In the present article, a new automatic protocol for the photogrammetric data acquisition is presented and evaluated. This protocol allows us to capture the images in a convergent path at equal angular intervals around a specimen. This configuration allows us to implement the data acquisition protocol of reconstructed small size archeological objects even if the operator is not an expert in photogrammetry, as is the case in an interdisciplinary field like archaeology. Furthermore, the images acquired using this protocol fully cover the geometry of the specimen without manually repositioning the camera, while providing an adequate dataset for the photogrammetric process using open [34,35,36,37] or commercial software [39]. The widely extended commercial application of Metashape [39] was chosen for this research due to its popularity and reduced complexity for final users (non-experts in photogrammetry). Both were chosen for their intuitive software interfaces and available documentation about use. The present approach is significant for three main reasons: aids in the reconstruction of small archaeological parts for documentation purposes [52]; helps assemble dismantled heritage elements and/or missing parts [29]; and generates didactical models for the acquisition of competences in an e-learning context [53] and can be included in products like augmented or virtual reality (AR/VR) applications for awareness-raising [6].

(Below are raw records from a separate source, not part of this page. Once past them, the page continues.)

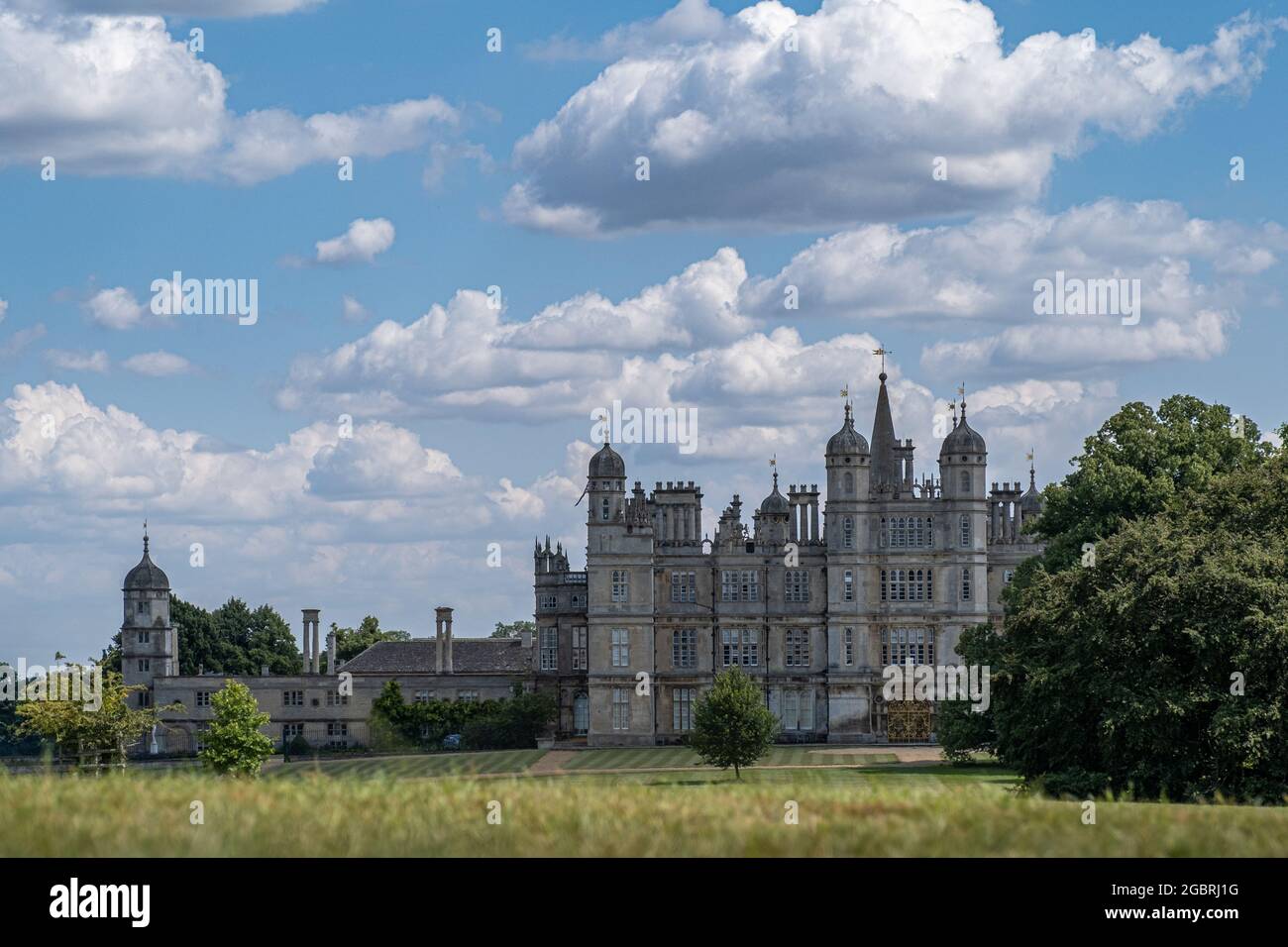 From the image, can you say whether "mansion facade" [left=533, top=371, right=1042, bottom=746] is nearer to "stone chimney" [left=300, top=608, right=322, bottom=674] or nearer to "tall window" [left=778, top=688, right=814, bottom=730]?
"tall window" [left=778, top=688, right=814, bottom=730]

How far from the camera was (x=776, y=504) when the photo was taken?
9475cm

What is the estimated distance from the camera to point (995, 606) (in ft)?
301

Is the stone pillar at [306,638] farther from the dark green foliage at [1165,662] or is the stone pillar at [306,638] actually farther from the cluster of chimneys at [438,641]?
the dark green foliage at [1165,662]

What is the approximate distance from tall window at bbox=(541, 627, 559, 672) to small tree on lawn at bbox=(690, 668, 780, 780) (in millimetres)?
23997

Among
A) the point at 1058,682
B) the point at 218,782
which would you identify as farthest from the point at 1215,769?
the point at 218,782

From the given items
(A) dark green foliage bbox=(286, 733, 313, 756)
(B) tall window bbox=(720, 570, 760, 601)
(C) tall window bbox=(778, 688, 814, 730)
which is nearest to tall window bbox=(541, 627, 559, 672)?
(B) tall window bbox=(720, 570, 760, 601)

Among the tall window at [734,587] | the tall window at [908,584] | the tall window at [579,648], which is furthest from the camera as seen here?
the tall window at [579,648]

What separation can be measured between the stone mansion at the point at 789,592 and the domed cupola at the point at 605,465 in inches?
5.8

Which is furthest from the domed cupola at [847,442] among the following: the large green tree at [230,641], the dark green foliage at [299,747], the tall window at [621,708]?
the large green tree at [230,641]

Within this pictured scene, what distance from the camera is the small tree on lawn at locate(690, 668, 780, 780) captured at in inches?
2749

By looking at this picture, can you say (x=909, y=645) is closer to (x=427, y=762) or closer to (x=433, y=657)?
(x=427, y=762)

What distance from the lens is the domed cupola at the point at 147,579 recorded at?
106500 mm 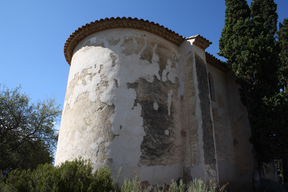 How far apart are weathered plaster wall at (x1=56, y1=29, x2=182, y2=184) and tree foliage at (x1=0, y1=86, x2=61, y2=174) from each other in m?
6.01

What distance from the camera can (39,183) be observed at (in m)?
3.48

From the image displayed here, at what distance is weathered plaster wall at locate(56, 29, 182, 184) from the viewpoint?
5711 mm

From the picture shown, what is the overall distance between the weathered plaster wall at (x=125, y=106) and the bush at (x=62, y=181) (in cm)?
174

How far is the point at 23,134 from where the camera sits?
11.8m

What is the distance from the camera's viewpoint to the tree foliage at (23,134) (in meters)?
10.9

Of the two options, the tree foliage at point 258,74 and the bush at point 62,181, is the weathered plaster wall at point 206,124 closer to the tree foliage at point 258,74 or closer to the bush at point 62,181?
the tree foliage at point 258,74

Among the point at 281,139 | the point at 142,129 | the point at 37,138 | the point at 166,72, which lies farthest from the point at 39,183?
the point at 37,138

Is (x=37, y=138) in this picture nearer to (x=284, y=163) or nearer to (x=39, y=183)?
(x=39, y=183)

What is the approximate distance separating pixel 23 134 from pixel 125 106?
29.2 ft

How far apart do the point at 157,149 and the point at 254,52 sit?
540cm

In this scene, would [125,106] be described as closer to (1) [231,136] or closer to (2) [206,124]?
(2) [206,124]

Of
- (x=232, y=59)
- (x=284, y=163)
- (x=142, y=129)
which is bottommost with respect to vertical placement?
(x=284, y=163)

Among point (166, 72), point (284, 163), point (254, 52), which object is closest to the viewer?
point (166, 72)

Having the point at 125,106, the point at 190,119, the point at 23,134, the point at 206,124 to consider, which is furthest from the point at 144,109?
the point at 23,134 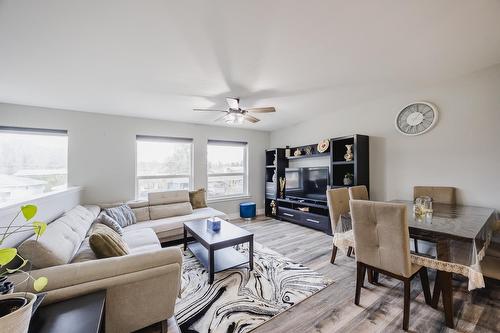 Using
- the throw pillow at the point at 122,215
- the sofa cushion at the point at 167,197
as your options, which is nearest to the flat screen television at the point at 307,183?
the sofa cushion at the point at 167,197

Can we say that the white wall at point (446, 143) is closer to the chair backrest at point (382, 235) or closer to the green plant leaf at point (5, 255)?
the chair backrest at point (382, 235)

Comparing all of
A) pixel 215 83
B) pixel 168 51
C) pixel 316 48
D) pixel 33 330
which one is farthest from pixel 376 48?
pixel 33 330

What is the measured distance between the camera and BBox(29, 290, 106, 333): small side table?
2.91 ft

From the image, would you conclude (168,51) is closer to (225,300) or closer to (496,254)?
(225,300)

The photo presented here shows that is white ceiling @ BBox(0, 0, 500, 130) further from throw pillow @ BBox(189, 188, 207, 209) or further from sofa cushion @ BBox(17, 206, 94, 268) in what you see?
throw pillow @ BBox(189, 188, 207, 209)

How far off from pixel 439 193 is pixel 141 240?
3.95 metres

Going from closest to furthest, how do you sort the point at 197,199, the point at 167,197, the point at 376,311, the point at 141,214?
the point at 376,311, the point at 141,214, the point at 167,197, the point at 197,199

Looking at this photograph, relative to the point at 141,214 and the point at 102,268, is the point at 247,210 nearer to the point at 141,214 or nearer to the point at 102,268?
the point at 141,214

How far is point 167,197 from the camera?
387 centimetres

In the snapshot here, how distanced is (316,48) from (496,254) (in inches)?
107

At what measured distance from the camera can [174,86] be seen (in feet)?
8.76

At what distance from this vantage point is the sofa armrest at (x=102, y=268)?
3.90ft

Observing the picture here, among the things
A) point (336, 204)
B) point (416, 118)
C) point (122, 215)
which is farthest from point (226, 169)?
point (416, 118)

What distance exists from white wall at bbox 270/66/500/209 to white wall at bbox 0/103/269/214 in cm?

In this research, the variables that impact the photogrammetric reconstruction process was established as independent (e.g., luminosity, spatial reference system, specimen position, camera path, and photogrammetric reconstruction parameters). Only lens and calibration process were modified for the different experiments performed. Dense point clouds are generated for each case and there were control point errors for the pre-calibrated configurations between 0.072 and 0.204 mm. In this manner, a comparison between the point clouds obtained for the two lenses (macro and zoom) and the two calibration processes (pre-calibration and self-calibration) were implemented using a robust statistical analysis technique. Results show that the use of a non-macro lens does not substantially affect the geometric accuracy of the final 3D point cloud. However, when using a macro lens, the 3D model obtained is denser and can better reflect better small details of the geometry due to the smaller object sample distance (or GSD). In this regard, it should be noted that for the use of a macro lens, the establishment of an adequate depth of field allows for a proper focus of the entire object, which is a critical aspect that may not be easily solved by users without macro-photography experience. Therefore, and since the conventional zoom lens provided compatible results in terms of geometric error, they are more versatile and adequate for final users. Furthermore, as shown in the experimental results, a previous initial camera pre-calibration does not significantly improve the results for either lens, possibly due to the automated image acquisition, thanks to the robotic device. Moreover, the calibrated GCPs of the platform assure the metric quality of the 3D point cloud.

The results of the present research are expected to advise heritage specialists, which are non-experts in photogrammetry, about the data acquisition, lens selection, and modelling of small archaeological samples. With regard to future perspectives, there will be more test lenses and cameras with different sensor resolutions and specifications that use new comparison/validation techniques, which will thus increase the scope of the present work.